EU should increase its climate ambition
ENVI MEPs adopted their position for the UN’s COP23 in Bonn
Maria Koleva, Brussels
8 September, 2017
Urging for more financing of emissions-reducing investments and that global carbon emissions need to be phased out by 2050 or shortly thereafter, the European Parliament Environment Committee (ENVI) members agreed on Thursday their recommendations to EU institutions and Member States for the forthcoming 23rd UN Climate Change Conference, COP23. It will take place in Bonn from 6 to 17 November this year under the Presidency of the Republic of Fiji. During the conference, representatives from 197 countries will negotiate the implementation of the Paris Agreement, and concretely the achievement of clarity on the design of the 2018 Facilitative Dialogue, which will aim to take stock of governments’ efforts towards the long-term goal. Delegation of MEPs will attend the event. The full house will vote on the draft resolution during its October plenary session in Strasbourg.

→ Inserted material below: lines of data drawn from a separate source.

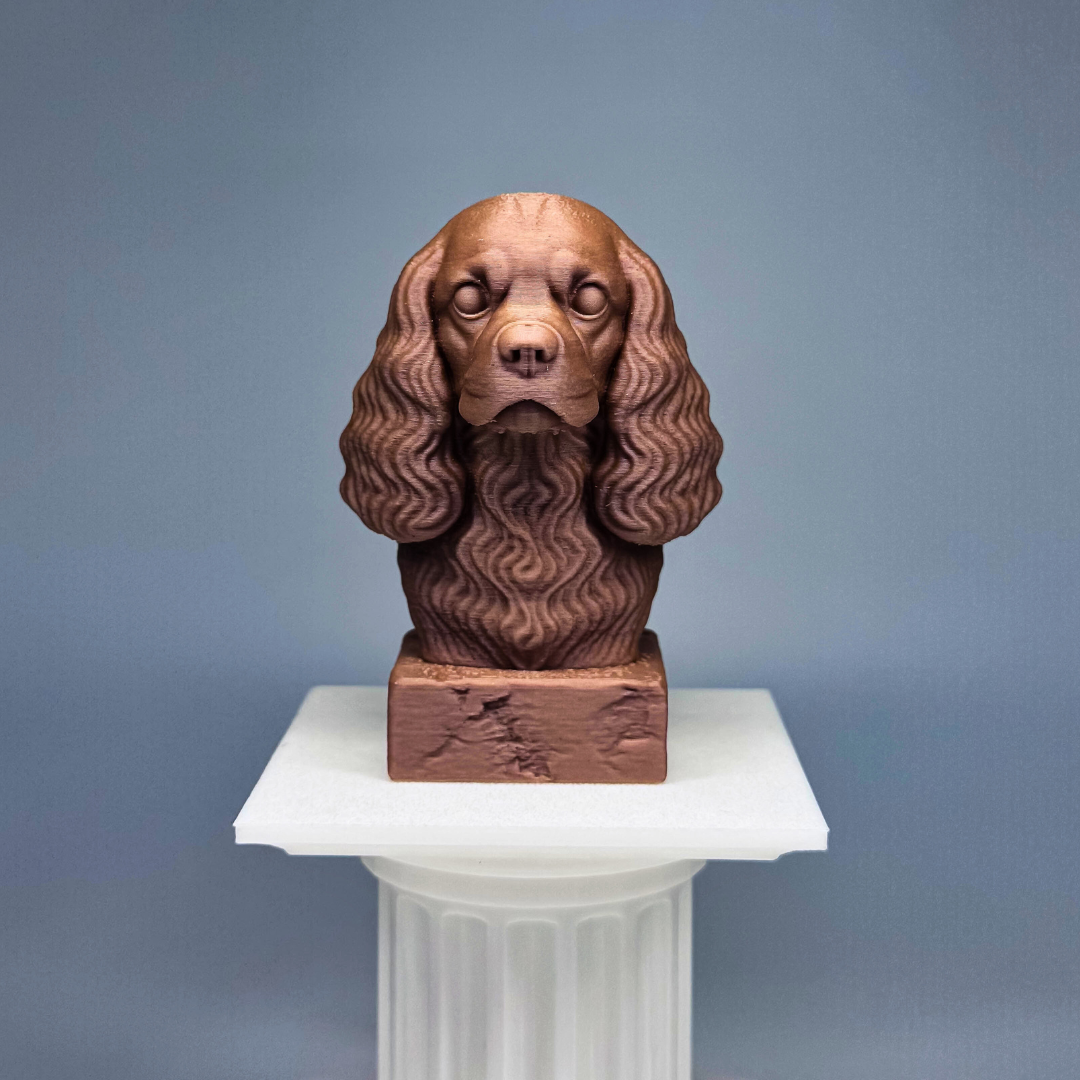 Cavalier King Charles Spaniel Bust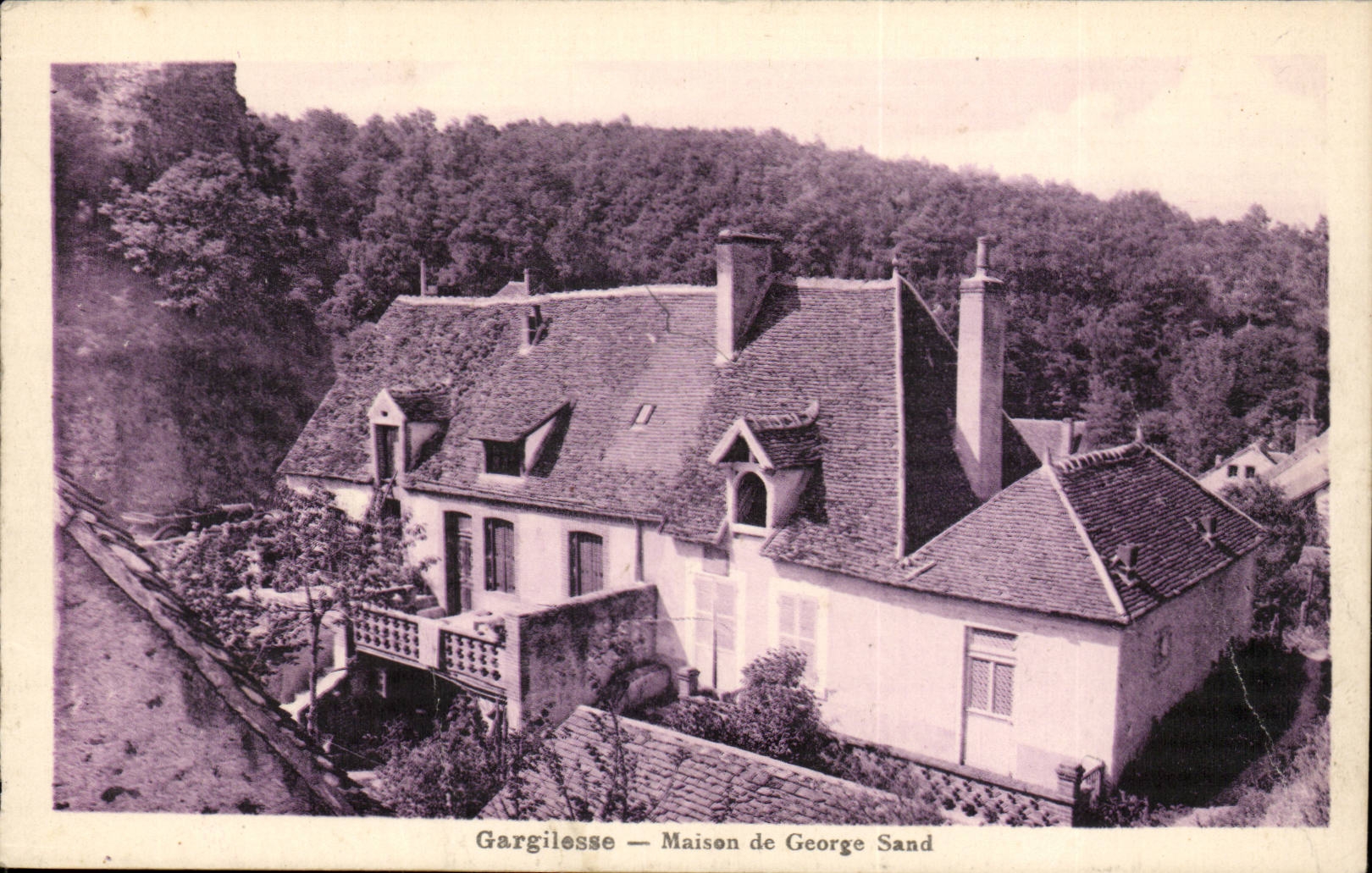 Gargilesse CPA Maison de George Sand
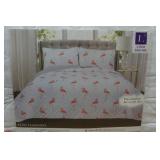 3-Piece Cotton Reversible Quilt - King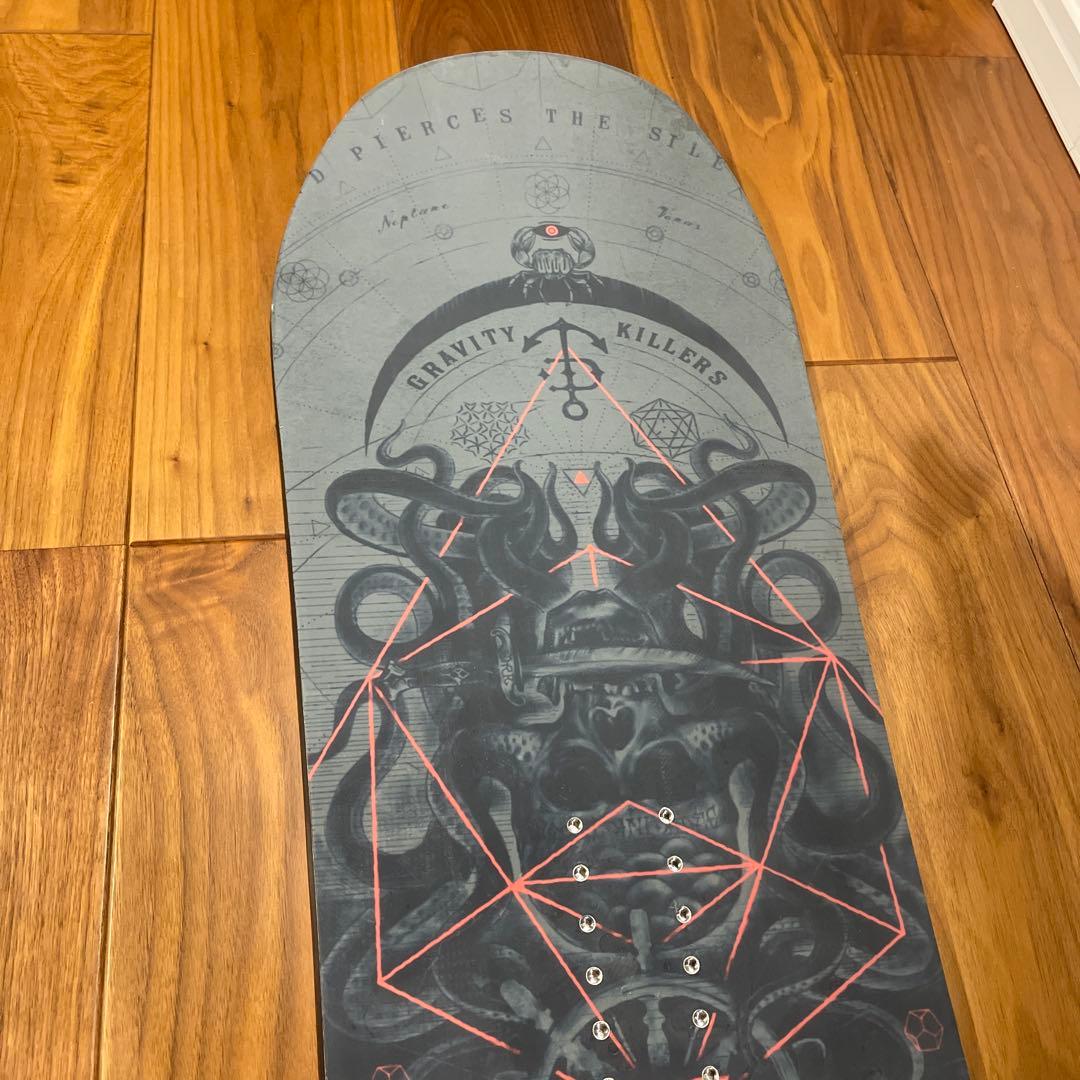 【DRAKE】スノーボード 151cm ワックスセット付き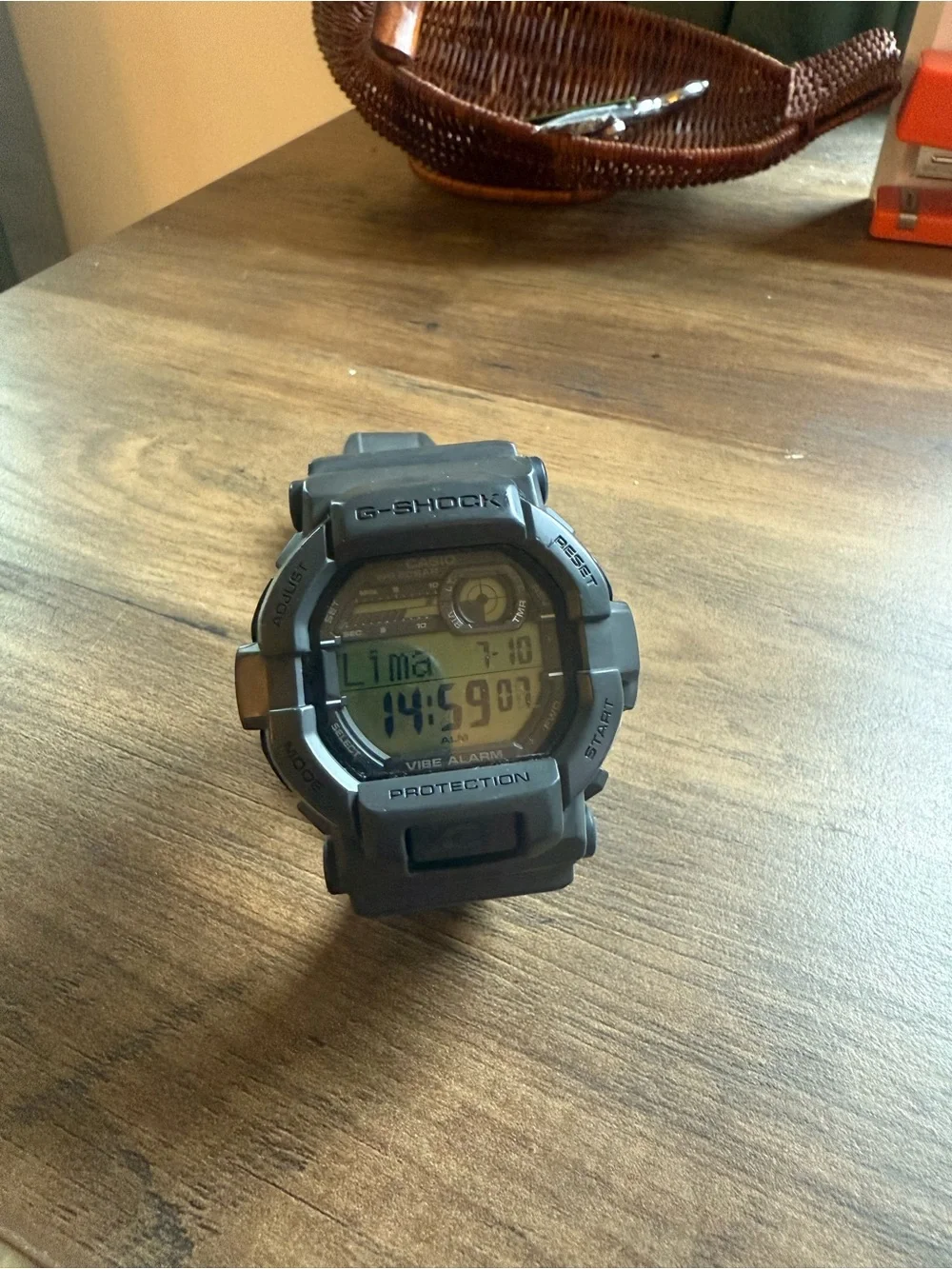 Casio G-Shock GD-350 Black Digital Watch Vibration Alarm Shock Resistant Sports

Out of 60 MEPs present, 54 gave their vote in favour, nobody was against and six abstained during the session chaired by ENVI chief Adina-Ioana Valean, Romanian EPP MEP, who is also one of the eight co-rapporteurs on this important file.
EU leaders should implement the agreement with EU legislation and ratchet up the EU’s goals and policy instruments, the document says. Committee members also asserted that by 2018 the Commission has to prepare a mid-century zero emissions strategy for the EU, with the aim of keeping the temperature rise well below 2°C, and pursuing efforts to limit the temperature rise to 1.5°C. According to them, this process should begin as soon as possible.
MEPs also underlined the need of concrete EU and international commitments to deliver additional financing sources, saying that lending and investment practices should be in line with the well-below-2°C target. This also means freeing from fossil fuels and phasing out export credits.
Once again, the committee members voiced their disappointment about US President Donald Trump’s announcement to pull the United States, world’s second-largest producer of carbon dioxide, out of the international Paris climate agreement, and noted that this decision represents a step backwards. On the other hand, they expressed satisfaction from strong responses of governments around the world in favour of the full implementation of the Paris Agreement.
The EP has already adopted a lot of legislation pieces concretely dedicated to environmental protection and tackling climate change, and many others are in the pipeline. The adoption of three legislative texts implementing the Paris Agreement is approaching. One of them concerns the post-2020 carbon market, namely reforming the EU emissions trading system, which is a crucial instrument for reducing greenhouse gas emissions cost-effectively. Next in row are the 2030 targets, effort-sharing regulation, the regulation on greenhouse gas emissions and removals from land-use, and land-use change and forestry.